Bugün güzel bir gün. Güneş, her kışın içinde baharın
tomurcuklandığını hatırlatmak istercesine pırıl pırıl. Masmavi gökyüzünün
üstüne usta bir fırça tarafından özenle konmuş gibi bulutlar. İnsanlar gene
oradan oraya koşturuyor, balıkçılar balık tutuyor, dükkânlar müşteri dolu.
Hayat akıyor caddelerde, dün hiç olmamış gibi.
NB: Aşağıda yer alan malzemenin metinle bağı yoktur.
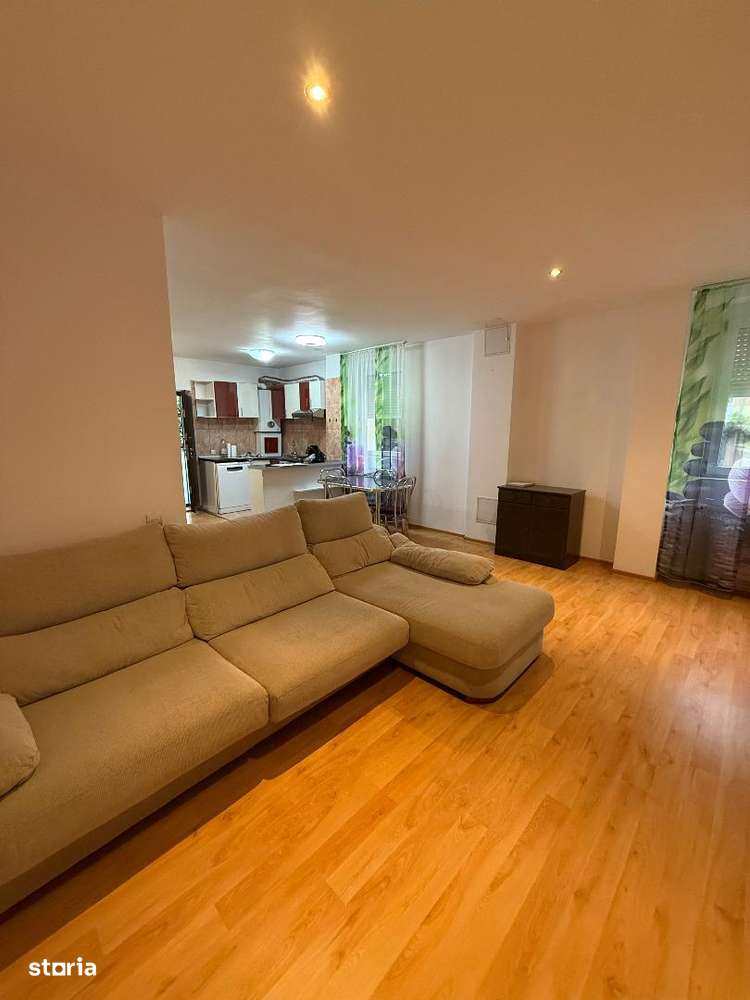 De vanzare Apartament 3 camere cu scara interioara, zona Tolstoi. - Imagine principală: 1/15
Sabah erkenden Kadıköy’e indim. Dişçide randevum
vardı. Herkes dişçiden korkar ama benim için keyif. Sohbetlidir Kuzey. Gene
oradan, buradan, hayattan sohbetle geçti. Bana söylediği bir şey benim ufkumu
açtı. Koydum aklımın bir kenarına. Dişçiden çıktıktan sonra mutad kitapçı
ziyaretim için Mephisto’ya doğru yürüyorum. Evde gittikçe yığılan okunacaklar
rafıma yenisini eklemeye niyetim yok ama gene de… Seviyorum ne yapayım? Kitap
kokusunu içime çekiyorum, dergileri
karıştırıyorum. Besleniyorum. Daha kapısına yaklaşırken çok harika bir ses aldı
çekti beni içeri. Elina Duni’ymiş adı. Arnavut kökenli bir sanatçı. 10 yaşında
terk etmiş memleketini, İsviçre’de yaşıyormuş. Yoo, eve gelince bakmadım bu
bilgilere. Mephisto’daki arkadaşla beraber baktık. Ben Alman sanıyordum, dedi.
Yok, Alman olamaz deyince araştırdık beraber. Birbirimize teşekkür ettik. Ben
beni bu harika sesle tanıştırdığı için, o yanlış bilgisini düzelttiği için.
Hoş. Aklıma dünkü derste hocamızın bahsettiği bir kitap geldi. Sordum var mı
diye. Varmış. Sevindim.
Ruhuma hâkim olan keyif duygusuyla, Şeniz
arkadaşımın Doğu’daki köy okullarına kitap yardımı için verdiği destekle TEOG
kitapları almak için yoluma devam ettim. Bir kırtasiye çıktı önüme. Önü defter
yığılı ama nasıl rengârenk. Al beni diyor her biri. Öykülerin bende hayat
bulsun der gibi göz kırpıyorlar. Dayanamadım tabii. Ruhumda karşılığını bulan
her renkten aldım birer tane. Alacağım kitapları da aldım, güneşin gözünün
içine baka baka yürüyorum. Yüreğim hayat
dolu, adımlarım hafif. Öyküler beliriyor kafamda ufak ufak.
Kibar, genç bir sesle sıyrıldım kendi dünyamdan. Bir
şey sorabilir miyim, diyordu karşımdaki temiz yüzlü, efendi, yakışıklı genç.
Tabii, dedim. Engelliler ile ilgili projeleri, haberlerin olduğu Empati 34
dergisini engelliler için yapılacak projelere fon sağlamak amaçlı
satıyorlarmış. Makbuz karşılığı diyor. Dergi 4 TL. Görme Engelliler Derneği
için gönüllü çalışıyormuş. Mimar Sinan Güzel Sanatlar Akademisi’nde resim
öğrencisi. Çarşamba günleri Haldun Taner’de görme engelliler için hikâye
kaydediyorlarmış. Gelip siz de okuyabilirsiniz dedi. Kendi üniversitesinden 19
kişilermiş İstanbul’a dağılmış. İTÜ ise kantin kazancını veriyormuş derneğe.
Adı Oğul. Gerçekten oğul gibi. 21 yaşında. Sohbet ettik biraz. Neden yapıyorsun
bunu diye sordum. Biz gençler işi ele almazsak gidecek bu memleket dedi. İçimde
mutluluk kuşları…
Dün Sultanahmet’de patlama oldu. Yayın yasağından
evvel 10 ölü, 15 yaralı diye bilgilenmiştik en son. Sayılara sayılar eklendi.
Bir kere, bir kere daha kahrolduk. Gene sarıldık klavyelere. Yazdık, çizdik,
kınadık. Ağırlaşmış yüreklerimiz bir ton daha ağırlaştı. Keyfimiz kaçtı,
adımlarımız ağırlaştı. Yaşam, bilmem kaçıncı kez, anlamını yitirdi.